Question

In: Computer Science

Write a 2 -3 page paper on how one can use hash values to log into...

Write a 2 -3 page paper on how one can use hash values to log into a system, crack a network, etc.
Be sure to explain how hash values are used and misused in a system. 

Solutions

Expert Solution

Hashing is making into a small or cutting into a pieces.

Hash values can be thought of as fingerprints for files. The contents of a file are processed through a cryptographic algorithm, and a unique numerical value – the hash value - is produced that identifies the contents of the file. If the contents are modified in any way, the value of the hash will also change significantly. Two algorithms are currently widely used to produce hash values: the MD5 and SHA1 algorithms.

In cryptography, a hash fun. is a mathematical algorithm that maps data of any size to a bit string of a fixed size.

hashing is like encode a msg you have send into a mathematical code by specific algorithm and again decode to user in other side. to keep msg safe.

Commonly used hashing algorithms include Message Digest (MDx) algorithms, such as MD5, and Secure Hash Algorithms (SHA), such as SHA-1 and the SHA-2 family that includes the widely used SHA-256 algorithm

In bitcoin, integrity and block-chaining use the SHA-256 algorithm as the underlying cryptographic hash function. Let's look at a hashing example using SHA-256 and Python.

Hash functions behave as one-way functions by using mathematical operations that are extremely difficult and cumbersome to revert such as the modulo operator.

Using Cryptographic Hashing for More Secure Password Storage

A deterministic function is a function that given the same input always produces the same output. This is vital for authentication since we need to have the guarantee that a given password will always produce the same hash; otherwise, it would be impossible to consistently verify user credentials with this technique.

To integrate hashing in the password storage workflow, when the user is created, instead of storing the password in cleartext, we hash the password and store the username and hash pair in the database table. When the user logs in, we hash the password sent and compare it to the hash connected with the provided username. If the hashed password and the stored hash match, we have a valid login. It's important to note that we never store the cleartext password in the process, we hash it and then forget it.

Whereas the transmission of the password should be encrypted, the password hash doesn't need to be encrypted at rest. When properly implemented, password hashing is cryptographically secure. This implementation would involve the use of a salt to overcome the limitations of hash functions.

Authentication Methods

Something you know: Examples of this are your good-old password, bank card PIN or a safe-word when the alarm company calls your home; these are all examples of using something you know to authenticate yourself.

Something you have: Examples are a swipe card to access a secure area, a code sent to your cellphone as part of a login process (to prove you have your cellphone) or a SecureID token that provides a constantly changing code you need to enter to gain access – all are something you have that can be used to authenticate yourself.

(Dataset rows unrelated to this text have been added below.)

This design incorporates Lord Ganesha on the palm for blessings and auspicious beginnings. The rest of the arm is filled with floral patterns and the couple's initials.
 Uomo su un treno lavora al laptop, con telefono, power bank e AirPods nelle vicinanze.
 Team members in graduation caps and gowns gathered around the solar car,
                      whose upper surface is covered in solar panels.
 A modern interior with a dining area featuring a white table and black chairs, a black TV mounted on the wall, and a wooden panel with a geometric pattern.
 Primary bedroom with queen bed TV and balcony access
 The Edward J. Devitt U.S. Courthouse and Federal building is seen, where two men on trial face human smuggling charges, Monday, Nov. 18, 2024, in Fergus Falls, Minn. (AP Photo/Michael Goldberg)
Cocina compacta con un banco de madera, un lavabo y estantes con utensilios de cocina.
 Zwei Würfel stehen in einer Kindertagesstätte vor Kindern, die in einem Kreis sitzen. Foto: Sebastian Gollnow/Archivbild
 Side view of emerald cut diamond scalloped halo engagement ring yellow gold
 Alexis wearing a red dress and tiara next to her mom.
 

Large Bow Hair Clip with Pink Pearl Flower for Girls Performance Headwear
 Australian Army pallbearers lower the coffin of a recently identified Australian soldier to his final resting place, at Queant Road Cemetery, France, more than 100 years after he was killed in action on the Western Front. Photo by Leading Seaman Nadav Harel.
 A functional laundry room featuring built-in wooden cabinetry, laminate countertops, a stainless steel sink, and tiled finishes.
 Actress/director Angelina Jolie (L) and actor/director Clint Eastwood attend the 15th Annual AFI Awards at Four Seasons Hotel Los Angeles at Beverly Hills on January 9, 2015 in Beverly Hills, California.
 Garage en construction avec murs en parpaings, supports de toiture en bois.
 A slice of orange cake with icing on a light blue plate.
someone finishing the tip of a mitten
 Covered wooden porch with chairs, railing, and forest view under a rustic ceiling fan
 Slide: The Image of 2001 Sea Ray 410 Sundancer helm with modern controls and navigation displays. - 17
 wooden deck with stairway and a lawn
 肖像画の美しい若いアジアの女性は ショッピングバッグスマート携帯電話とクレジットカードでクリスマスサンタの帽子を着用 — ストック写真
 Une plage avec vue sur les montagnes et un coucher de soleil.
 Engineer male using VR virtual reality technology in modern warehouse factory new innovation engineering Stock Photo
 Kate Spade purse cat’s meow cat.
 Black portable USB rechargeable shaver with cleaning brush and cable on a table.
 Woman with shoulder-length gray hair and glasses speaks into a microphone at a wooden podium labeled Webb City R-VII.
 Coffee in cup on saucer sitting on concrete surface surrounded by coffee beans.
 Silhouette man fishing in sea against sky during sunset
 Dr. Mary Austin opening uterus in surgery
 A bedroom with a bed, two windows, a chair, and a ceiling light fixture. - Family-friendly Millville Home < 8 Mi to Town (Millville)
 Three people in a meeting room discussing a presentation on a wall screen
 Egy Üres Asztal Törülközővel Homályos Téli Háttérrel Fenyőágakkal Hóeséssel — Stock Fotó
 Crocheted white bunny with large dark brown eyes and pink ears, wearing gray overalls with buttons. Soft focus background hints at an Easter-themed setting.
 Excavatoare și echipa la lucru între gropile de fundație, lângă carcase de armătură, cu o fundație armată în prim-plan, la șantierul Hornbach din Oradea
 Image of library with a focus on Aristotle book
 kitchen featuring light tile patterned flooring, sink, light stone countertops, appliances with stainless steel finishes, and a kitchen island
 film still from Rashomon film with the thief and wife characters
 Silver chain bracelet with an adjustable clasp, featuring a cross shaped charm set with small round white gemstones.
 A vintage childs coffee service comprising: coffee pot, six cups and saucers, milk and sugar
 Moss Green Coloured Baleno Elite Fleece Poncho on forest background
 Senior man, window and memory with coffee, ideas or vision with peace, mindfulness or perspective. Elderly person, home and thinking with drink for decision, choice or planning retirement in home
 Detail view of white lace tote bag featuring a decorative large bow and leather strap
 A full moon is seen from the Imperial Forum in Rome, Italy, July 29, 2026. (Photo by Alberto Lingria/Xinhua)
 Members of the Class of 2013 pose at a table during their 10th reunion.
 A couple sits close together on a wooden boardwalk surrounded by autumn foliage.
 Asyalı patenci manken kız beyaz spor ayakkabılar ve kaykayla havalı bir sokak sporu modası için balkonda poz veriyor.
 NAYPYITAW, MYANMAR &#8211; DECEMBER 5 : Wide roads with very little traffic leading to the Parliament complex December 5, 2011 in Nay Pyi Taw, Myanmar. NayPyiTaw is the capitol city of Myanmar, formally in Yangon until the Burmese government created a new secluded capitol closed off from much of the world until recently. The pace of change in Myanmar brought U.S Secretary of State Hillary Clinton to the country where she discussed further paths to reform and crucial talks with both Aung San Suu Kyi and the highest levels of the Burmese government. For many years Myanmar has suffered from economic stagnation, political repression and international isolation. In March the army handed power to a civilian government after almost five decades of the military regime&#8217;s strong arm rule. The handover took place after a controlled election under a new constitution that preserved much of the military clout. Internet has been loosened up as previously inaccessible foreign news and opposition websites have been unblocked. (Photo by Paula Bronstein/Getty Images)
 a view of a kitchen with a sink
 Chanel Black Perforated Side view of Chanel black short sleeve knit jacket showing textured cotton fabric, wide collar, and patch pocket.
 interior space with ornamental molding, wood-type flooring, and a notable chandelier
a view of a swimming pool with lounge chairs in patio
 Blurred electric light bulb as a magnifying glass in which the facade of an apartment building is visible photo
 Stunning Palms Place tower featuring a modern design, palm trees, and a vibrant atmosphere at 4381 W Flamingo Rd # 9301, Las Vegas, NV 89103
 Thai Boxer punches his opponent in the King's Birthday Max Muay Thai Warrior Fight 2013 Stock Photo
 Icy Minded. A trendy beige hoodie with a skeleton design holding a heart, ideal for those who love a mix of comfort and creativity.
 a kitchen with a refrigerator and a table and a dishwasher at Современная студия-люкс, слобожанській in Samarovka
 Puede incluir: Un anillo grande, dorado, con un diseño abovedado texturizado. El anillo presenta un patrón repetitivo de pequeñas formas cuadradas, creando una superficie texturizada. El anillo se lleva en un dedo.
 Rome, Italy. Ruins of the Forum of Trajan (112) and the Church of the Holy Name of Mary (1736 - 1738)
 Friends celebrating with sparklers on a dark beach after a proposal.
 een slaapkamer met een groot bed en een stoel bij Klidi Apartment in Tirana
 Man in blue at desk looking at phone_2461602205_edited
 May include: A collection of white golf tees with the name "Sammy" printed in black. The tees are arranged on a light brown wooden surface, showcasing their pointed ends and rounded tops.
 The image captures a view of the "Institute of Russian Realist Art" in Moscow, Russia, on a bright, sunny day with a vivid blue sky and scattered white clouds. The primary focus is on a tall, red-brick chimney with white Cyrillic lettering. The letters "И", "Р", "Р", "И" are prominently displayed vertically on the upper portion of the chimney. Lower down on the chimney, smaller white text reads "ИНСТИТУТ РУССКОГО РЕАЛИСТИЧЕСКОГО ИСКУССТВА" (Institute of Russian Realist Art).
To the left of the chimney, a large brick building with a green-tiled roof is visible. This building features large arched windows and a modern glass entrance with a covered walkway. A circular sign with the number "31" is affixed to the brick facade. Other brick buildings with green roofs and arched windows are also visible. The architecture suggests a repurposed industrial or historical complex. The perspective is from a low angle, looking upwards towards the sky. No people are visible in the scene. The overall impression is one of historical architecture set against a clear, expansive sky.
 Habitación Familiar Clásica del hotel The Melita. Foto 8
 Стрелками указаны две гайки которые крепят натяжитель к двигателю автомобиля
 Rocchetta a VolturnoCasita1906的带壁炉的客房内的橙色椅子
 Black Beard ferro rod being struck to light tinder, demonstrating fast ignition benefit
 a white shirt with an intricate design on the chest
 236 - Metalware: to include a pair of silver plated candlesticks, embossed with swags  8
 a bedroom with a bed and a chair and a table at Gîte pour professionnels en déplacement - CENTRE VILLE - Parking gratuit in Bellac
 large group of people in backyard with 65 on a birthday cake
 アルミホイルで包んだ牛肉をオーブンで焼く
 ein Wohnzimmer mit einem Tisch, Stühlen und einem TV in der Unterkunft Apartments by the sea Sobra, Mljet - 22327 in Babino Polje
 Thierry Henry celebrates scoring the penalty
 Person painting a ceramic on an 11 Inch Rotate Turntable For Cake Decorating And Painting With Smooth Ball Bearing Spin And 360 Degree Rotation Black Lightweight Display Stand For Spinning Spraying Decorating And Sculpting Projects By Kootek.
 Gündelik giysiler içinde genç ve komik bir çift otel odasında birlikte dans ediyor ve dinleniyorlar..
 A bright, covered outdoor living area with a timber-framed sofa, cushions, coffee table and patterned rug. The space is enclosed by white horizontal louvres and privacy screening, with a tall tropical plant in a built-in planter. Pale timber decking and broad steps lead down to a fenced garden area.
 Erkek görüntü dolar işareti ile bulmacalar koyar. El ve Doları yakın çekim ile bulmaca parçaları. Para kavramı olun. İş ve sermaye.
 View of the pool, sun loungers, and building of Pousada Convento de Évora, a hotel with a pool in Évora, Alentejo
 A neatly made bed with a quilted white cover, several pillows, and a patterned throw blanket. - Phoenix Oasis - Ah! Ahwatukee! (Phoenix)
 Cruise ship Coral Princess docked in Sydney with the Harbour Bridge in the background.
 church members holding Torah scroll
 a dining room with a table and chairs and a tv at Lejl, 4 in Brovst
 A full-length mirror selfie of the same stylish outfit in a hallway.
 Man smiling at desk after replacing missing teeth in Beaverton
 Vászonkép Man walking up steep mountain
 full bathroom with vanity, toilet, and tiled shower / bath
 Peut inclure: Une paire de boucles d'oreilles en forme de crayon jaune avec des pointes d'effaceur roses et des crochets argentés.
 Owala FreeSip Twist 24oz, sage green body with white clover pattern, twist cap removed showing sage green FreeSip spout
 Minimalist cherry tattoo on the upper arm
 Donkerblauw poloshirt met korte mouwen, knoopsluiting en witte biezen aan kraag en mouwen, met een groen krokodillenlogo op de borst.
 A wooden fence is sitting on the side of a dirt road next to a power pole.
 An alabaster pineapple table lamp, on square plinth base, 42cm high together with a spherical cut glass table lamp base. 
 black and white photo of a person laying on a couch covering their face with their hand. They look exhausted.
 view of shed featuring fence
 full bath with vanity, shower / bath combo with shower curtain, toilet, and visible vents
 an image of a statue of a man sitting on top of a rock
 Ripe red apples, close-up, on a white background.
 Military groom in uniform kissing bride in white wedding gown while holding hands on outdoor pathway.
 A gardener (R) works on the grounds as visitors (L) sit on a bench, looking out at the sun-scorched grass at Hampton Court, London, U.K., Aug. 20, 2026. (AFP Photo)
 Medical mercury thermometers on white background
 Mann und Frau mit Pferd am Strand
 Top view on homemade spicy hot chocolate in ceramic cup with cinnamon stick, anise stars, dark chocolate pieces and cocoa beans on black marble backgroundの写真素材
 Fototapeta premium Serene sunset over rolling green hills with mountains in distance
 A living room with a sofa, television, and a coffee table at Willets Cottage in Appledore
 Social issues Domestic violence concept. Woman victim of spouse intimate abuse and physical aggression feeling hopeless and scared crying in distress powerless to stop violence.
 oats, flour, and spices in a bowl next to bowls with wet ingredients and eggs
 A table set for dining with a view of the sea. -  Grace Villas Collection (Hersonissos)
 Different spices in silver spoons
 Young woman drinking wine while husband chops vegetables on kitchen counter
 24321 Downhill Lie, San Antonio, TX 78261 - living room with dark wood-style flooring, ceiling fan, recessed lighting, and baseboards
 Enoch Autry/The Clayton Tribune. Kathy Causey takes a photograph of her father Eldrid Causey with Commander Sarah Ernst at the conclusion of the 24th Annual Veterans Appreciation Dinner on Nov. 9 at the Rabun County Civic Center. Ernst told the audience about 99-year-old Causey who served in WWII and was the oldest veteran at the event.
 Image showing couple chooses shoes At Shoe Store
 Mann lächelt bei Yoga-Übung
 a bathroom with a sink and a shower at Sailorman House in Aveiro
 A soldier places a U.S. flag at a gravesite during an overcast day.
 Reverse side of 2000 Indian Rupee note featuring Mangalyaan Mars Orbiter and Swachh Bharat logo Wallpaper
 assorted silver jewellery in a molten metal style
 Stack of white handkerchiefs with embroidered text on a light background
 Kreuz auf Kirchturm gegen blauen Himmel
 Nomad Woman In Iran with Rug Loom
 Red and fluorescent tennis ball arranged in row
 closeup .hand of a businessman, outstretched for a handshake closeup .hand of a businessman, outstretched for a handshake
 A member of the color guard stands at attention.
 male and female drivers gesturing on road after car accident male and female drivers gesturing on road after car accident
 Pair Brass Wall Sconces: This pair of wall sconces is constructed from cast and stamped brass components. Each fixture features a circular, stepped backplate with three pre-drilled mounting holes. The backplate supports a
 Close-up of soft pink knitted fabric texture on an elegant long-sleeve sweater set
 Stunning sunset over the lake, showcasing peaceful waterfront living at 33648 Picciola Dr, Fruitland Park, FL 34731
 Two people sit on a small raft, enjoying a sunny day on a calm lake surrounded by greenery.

Something you are: This is where biometric security comes in. To access our data center we have to put our index finger on a fingerprint scanner after swiping a card. Unless you steal someone’s index finger you won’t be able to access our data center, even if you’ve stolen a valid swipe card. Other biometric systems include retinal scans (the blood vessels at the back of the eye) and iris scans (the colored part of the eye).

Other attributes used for authentication: A few other attributes that you occasionally see used for authentication are:

  • Somewhere you are. E.g. at a physical address able to receive snail mail.
  • Something you can do. E.g. accurately reproduce a signature.
  • Something you exhibit. E.g. a neurological trait that can be scanned by an MRI.
  • Someone you know. E.g. that can be validated by a social network graph or chain of trust.

Our focus in this article is passwords. Most of us see them as an inconvenience – something you have to tolerate to be able to use a service you need access to. In this article we’re going to explain how computer systems have evolved in the way they process your password, how modern online applications do authentication and why it’s important to choose a strong password. Once you finish reading this you should have a working knowledge of hashing algorithms, how password cracking works and what “strong password” really means.

Plain Text Passwords

In the early days of computers and mainframes, passwords were stored in a database as plain text. When you wanted to sign-in, a gatekeeper application would ask you for your password. It would take whatever you typed in and check if it was equal to whatever it had stored in the database and if true, you were granted access.

As the Internet evolved and grew, malicious hackers started gaining unauthorized access to systems. Once they were in, they would immediately download the plain-text password database and have instant access to all users passwords. Developers and systems administrators needed to come up with a solution to this problem and the solution they came up with was ‘password hashing’.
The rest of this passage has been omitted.